**YOUR OBJECTIVE**
When you reach the line containing "adidas Kırmızı Erkek", begin reproducing the material exactly, stop after the line containing "Bộ 2 Sách Excel", and leave out any pictures along the way.

══ GIVEN DATA

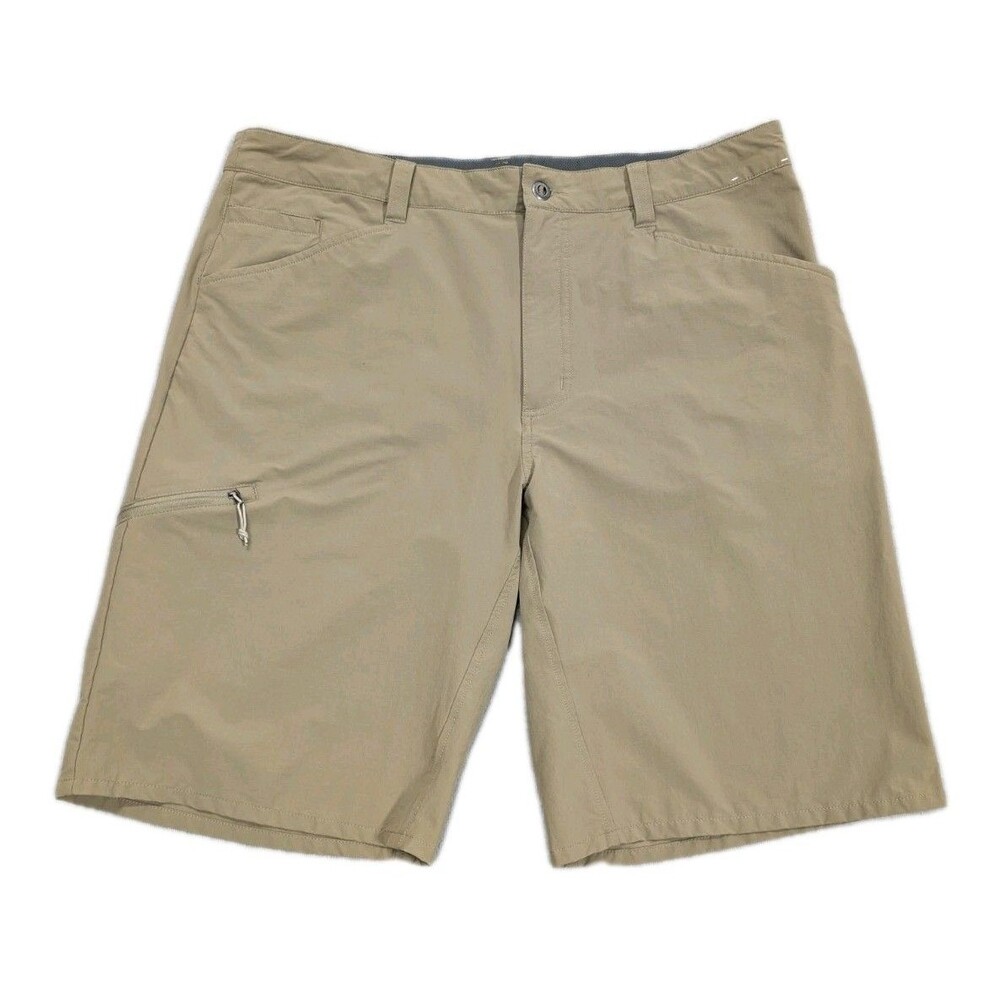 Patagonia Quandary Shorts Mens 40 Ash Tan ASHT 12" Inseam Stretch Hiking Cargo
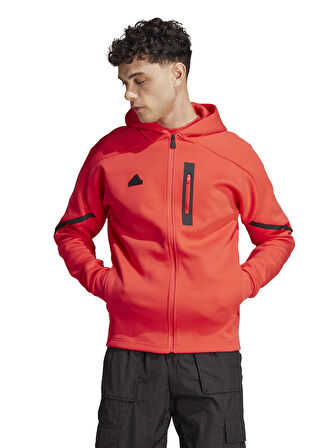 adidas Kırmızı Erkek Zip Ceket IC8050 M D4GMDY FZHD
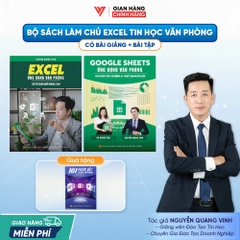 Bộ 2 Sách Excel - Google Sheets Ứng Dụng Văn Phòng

════
══ GIVEN DATA

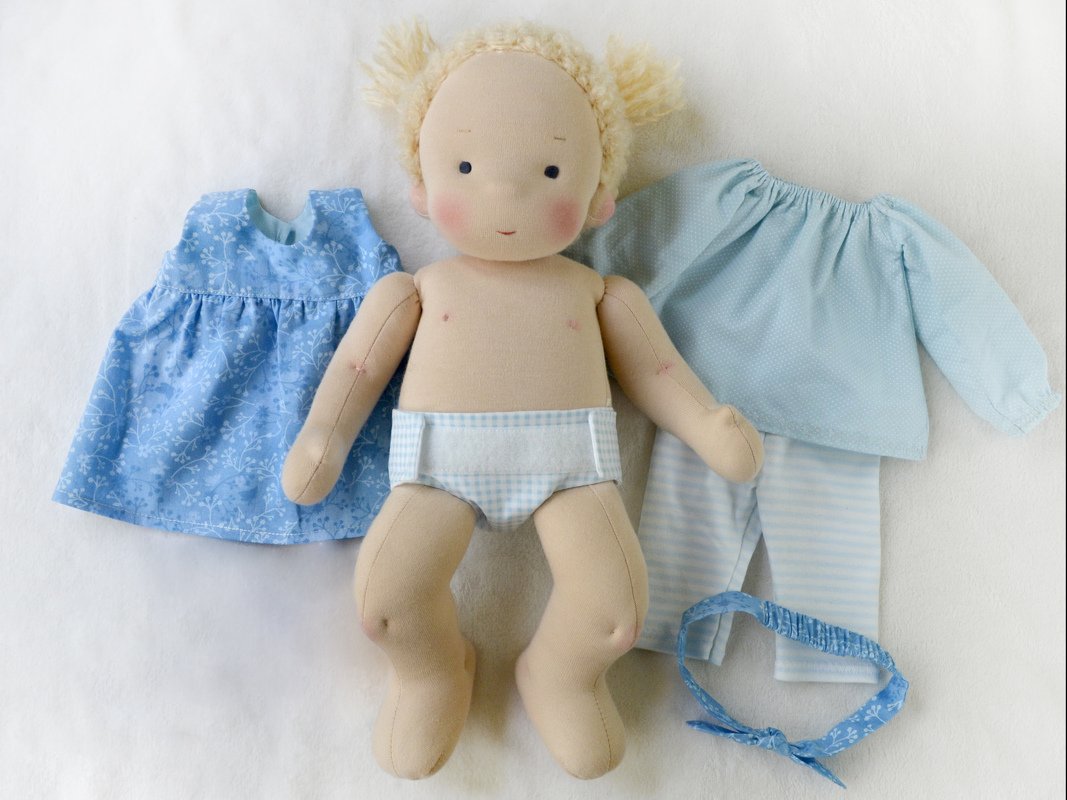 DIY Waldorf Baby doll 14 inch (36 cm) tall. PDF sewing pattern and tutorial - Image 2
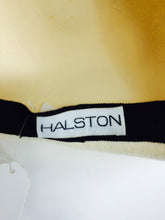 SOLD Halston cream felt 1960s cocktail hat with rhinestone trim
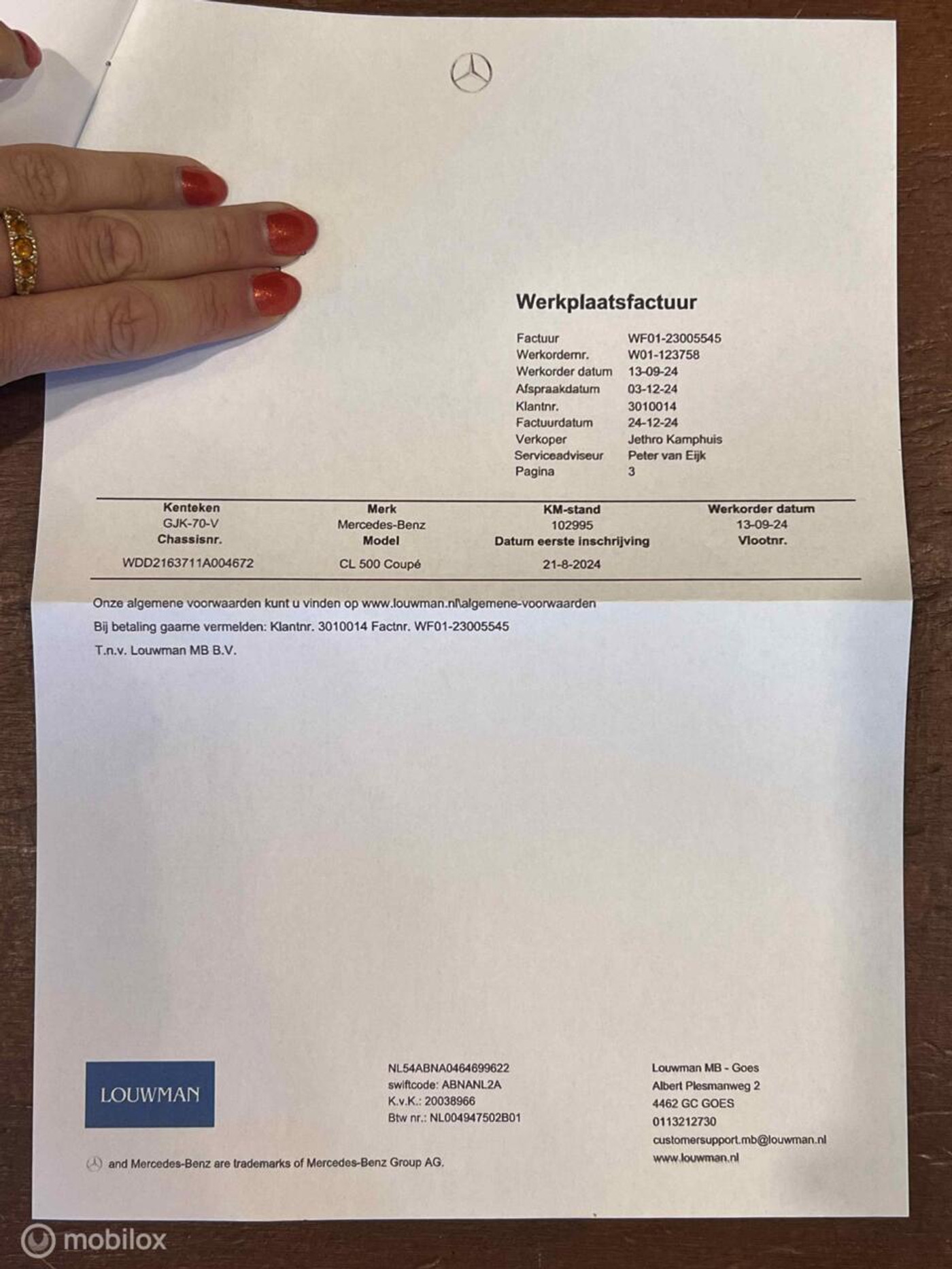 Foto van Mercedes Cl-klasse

════

**EXPECTED ANSWER**
 adidas Kırmızı Erkek Zip Ceket IC8050 M D4GMDY FZHD
 Bộ 2 Sách Excel - Google Sheets Ứng Dụng Văn Phòng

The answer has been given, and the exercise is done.